It can be difficult for companies to understand the challenges faced by blind and low-vision individuals as they navigate the Internet. But as you dig a little deeper, you start to understand all the ways you can improve virtually every aspect of the online consumer experience for visually impaired people.
Accessibility and digital inclusion grants everyone the opportunity to access, understand, and interact with online content. Specifically, when an organization channels its efforts into elevating usability, it enables people with blindness and low vision to enjoy and connect with every aspect of the online consumer experience.
But how do we get there? How does an organization achieve improved accessibility across an array of platforms? In this blog, we’ll discover an array of assistive technologies, including screen readers, Braille, and even special keyboards for navigating sites and applications. But first, let's correct false narratives about blind consumers.
There were an estimated 32.2 million Americans with vision loss in 2017. With health concerns such as diabetes, macular degeneration, and other conditions that result in visual impairment, that number has grown and will continue to do so. What’s more, those numbers are even more staggering on a global scale, as the World Health Organization’s “World Report on Vision” estimates that around 2.2 billion people across the globe live with a visual impairment.
Numbers like those underscore that blind and low-vision individuals represent a growing demographic that should not be shut out from the online consumer experience—for both business and moral reasons. Accessibility equates to customer service. When accessibility requirements are part of the architecture of your website, blind and low-vision consumers are less likely to navigate away from your company in favor of one with the crucial tools and technologies firmly in place.
Overlooking any customer is a bad idea. And if your site alienates the visually impaired, that’s millions upon millions of potential customers you’ve shut out.
As a visual medium, it’s understandable that the Internet is loaded with sites, apps, and tools that are inaccessible to blind and low-vision users. With a combination of background colors and foreground visuals, websites can be unreadable for the visually impaired. That’s not exactly a user-friendly experience!
There are a set of basic steps that designers and developers can take to dial up the accessibility and digital inclusion for blind and low-vision users. Below, we present a set of approaches that represent a good place to start in your redesign for blind consumers.
Whether we’re talking about context, actions, or expressions of people in visual information, it’s a must to provide alt tags on images and, if video is present, full audio descriptions. Visuals often contain vital information for consumers—information that blind and low-vision users could completely miss if the site isn’t equipped with audio descriptions.
The 21st Century Communications and Video Accessibility Act (CVAA) lays out regulations for media accessibility across different platforms. The law contains protections to enable people with visual impairments to access broadband, digital, and mobile innovations. Read more about the act here.
Color should never be used as the only visual means of conveying information. When you want to indicate an action or prompt a response from a consumer, it’s important to ensure that everyone understands—and can see—the message. Color is often utilized to highlight required fields, display warning messages, or disseminate bits of information such as survey results. A visual cue such as this is insufficient for certain users, including those with colorblindness, partial colorblindness, partial sight, and color perception degradation due to age.

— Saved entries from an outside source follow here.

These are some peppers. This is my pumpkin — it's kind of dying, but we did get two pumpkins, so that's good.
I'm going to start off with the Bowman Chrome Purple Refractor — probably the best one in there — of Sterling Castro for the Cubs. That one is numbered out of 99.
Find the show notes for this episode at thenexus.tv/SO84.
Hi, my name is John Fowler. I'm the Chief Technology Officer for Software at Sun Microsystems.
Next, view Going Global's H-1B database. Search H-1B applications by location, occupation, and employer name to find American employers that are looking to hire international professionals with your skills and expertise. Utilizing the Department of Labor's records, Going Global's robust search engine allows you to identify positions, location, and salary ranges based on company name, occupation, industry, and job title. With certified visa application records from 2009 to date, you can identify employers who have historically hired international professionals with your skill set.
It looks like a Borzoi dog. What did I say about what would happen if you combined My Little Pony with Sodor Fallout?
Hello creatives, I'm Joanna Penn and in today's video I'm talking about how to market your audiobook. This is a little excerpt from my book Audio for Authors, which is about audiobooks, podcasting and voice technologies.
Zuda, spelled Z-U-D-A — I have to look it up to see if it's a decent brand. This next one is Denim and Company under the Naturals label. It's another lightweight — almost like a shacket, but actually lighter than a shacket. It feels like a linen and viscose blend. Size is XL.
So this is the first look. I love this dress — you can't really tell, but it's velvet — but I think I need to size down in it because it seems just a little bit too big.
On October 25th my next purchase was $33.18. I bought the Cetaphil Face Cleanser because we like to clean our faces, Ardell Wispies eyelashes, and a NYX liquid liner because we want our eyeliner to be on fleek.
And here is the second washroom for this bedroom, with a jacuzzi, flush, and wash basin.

Give your low-vision customers the ability to increase the text size of your content across your website. This gives your users the power to adjust the text as necessary, increasing interaction, along with the chances that they’ll stick with your website. A good rule of thumb is to enable users to scale text by at least 200 percent, which helps people with visual impairment read without having to use a screen magnifier or other assistive devices.

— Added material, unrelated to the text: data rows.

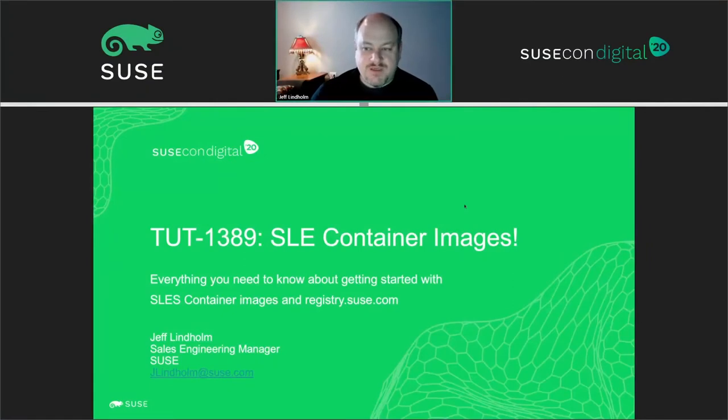Hi, my name is Jeff Lindholm. I'm a sales engineering manager with SUSE out of Detroit, Michigan. I'd like to welcome you to my SUSECon digital session: Sleek Container Images — everything you need to know about getting started with SLES containers and registry.suse.com.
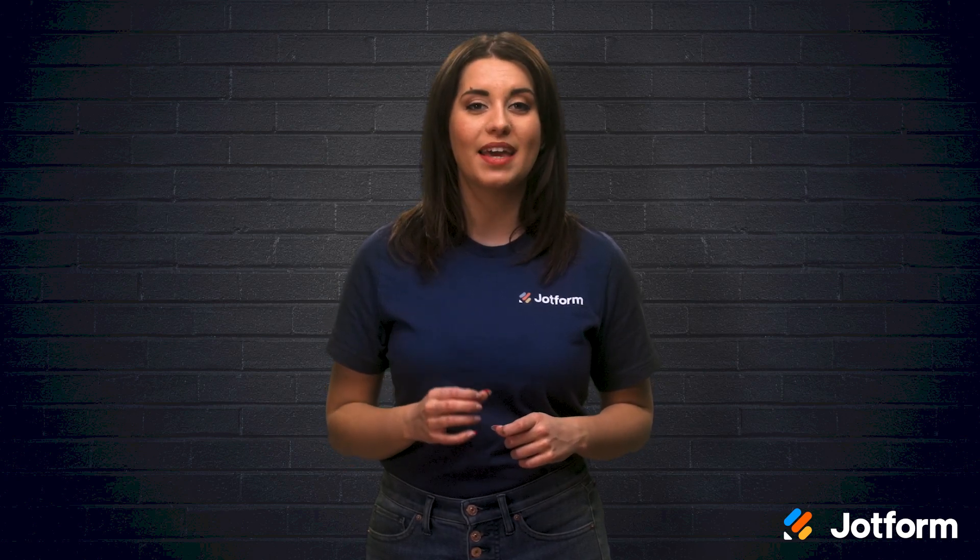I'm Alex with JotForm, and in today's video we'll share four online quizzing and testing tools that make at-home learning effective and easy. Let's go.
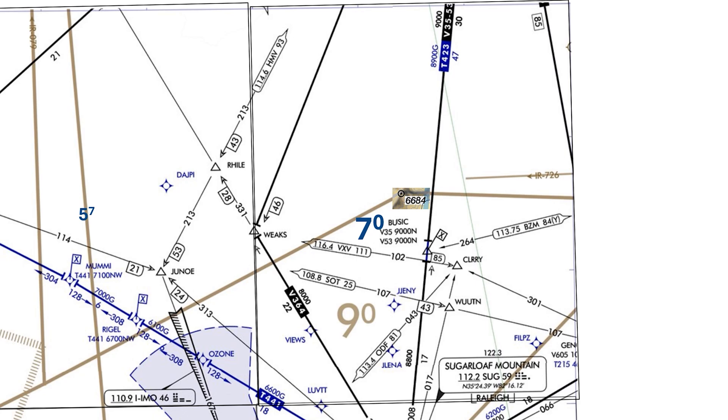This will apply to the entire larger quadrant. The MEA for the Victor Airway is also affected by these obstacle clearance requirements. Within 4 nautical miles of the airway centerline, the MEA has to provide for at least 2,000 feet of clearance, among other requirements like signal coverage. So the MEA on the airway as we pass by Mount Mitchell is also 9,000 feet.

White space between characters can work against the visually impaired when they’re trying to read text on a website. In order to give users the best chance of deciphering text, they must be able to adjust line height to at least 1.5 times the font size, letter spacing to at least 0.12 times the font size, and word spacing to at least 0.16 times the font size.

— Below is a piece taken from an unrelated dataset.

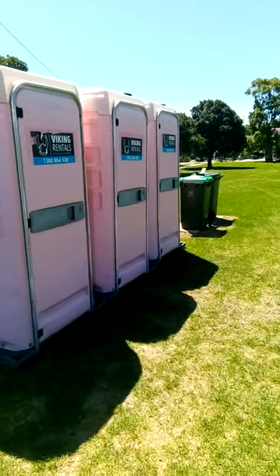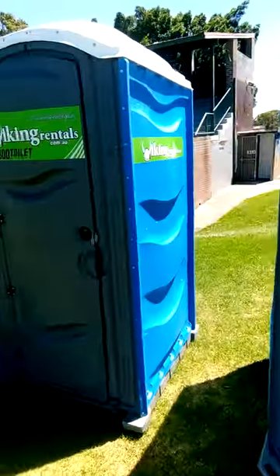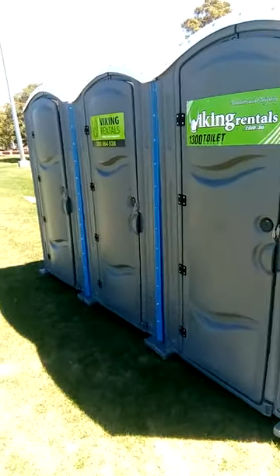Found us at Portaloos at Five Dock Park and Viking Rentals — or they're all Viking Rentals, but I think there's two different sorts of toilet. So we're about to have a look.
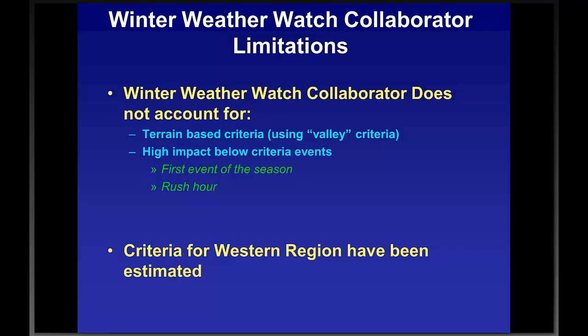Limitations: the Winter Weather Watch Collaborator does not account for terrain-based criteria, and does not account for high-impact low-criteria events such as the first event of the season or events during rush hour. We estimated criteria for the western region; several offices have submitted theirs, and the more the merrier — check the map to make sure criteria are current. Some offices in the central and east have changed their criteria for this year. Justin Arnot up in Gaylord, Michigan indicated the Michigan offices have also changed their criteria, so that update needs to be made.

For best accessibility, always use a “sans serif” font. That’s Arial, Verdana or others that don’t have those little curly things on the ends of letters. Times New Roman may look official, but there are easier fonts for low vision users to read!
An acceptable level of contrast helps site visitors with low vision to perceive text content on a color or image background. In designing your site for accessibility, you can determine the contrast ratios of your text elements. Here’s a helpful online color palette that can assist you in testing your contrast.
Creating a digital landscape that’s accessible to blind and low-vision users—and everyone else—is possible. It takes a measure of careful attention to make it happen, but all that hustle in the name of leveling the playing field can pay rich dividends.